Memalot _can_ be used as a context manager. However, it is generally recommended to use the `@leak_monitor` decorator instead, unless this is not possible.

To use Memalot as a context manager, call `create_leak_monitor` once, and then use the returned object as a context manager each time you want to monitor memory leaks. For example:

```python
monitor = create_leak_monitor()

with monitor:
    # Code that leaks memory here
```

Note: it is important to call `create_leak_monitor` only once and reuse the returned object each time you want to monitor memory leaks.

## Definition of a Leak

Memalot defines a memory leak as _an object that has lived for longer than is necessary_.

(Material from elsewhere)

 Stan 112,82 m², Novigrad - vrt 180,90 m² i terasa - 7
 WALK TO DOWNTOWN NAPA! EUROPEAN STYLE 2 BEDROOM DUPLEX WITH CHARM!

However, note that Memalot cannot distinguish between objects that live for a long time when this is _necessary_ (for example, you want to cache some objects for speed) and when this is _unnecessary_ (for example, you forget to evict stale objects from your cache). It's up to you to make this distinction.

## Known Limitations

- Memalot is slow. Be wary of using it in a production system.
- Memalot does not guarantee to find *all* leaking objects. If you have leaking objects that are
  created very rarely, Memalot may not detect them. Specifically:
  - Memalot does not find objects that are created while the leak report is being generated. This is mostly applicable to time-based leak discovery.
  - If the `max_object_age_calls` parameter is set to greater than 1 during function-based leak discovery, Memalot will not find objects that are created on some calls to the function.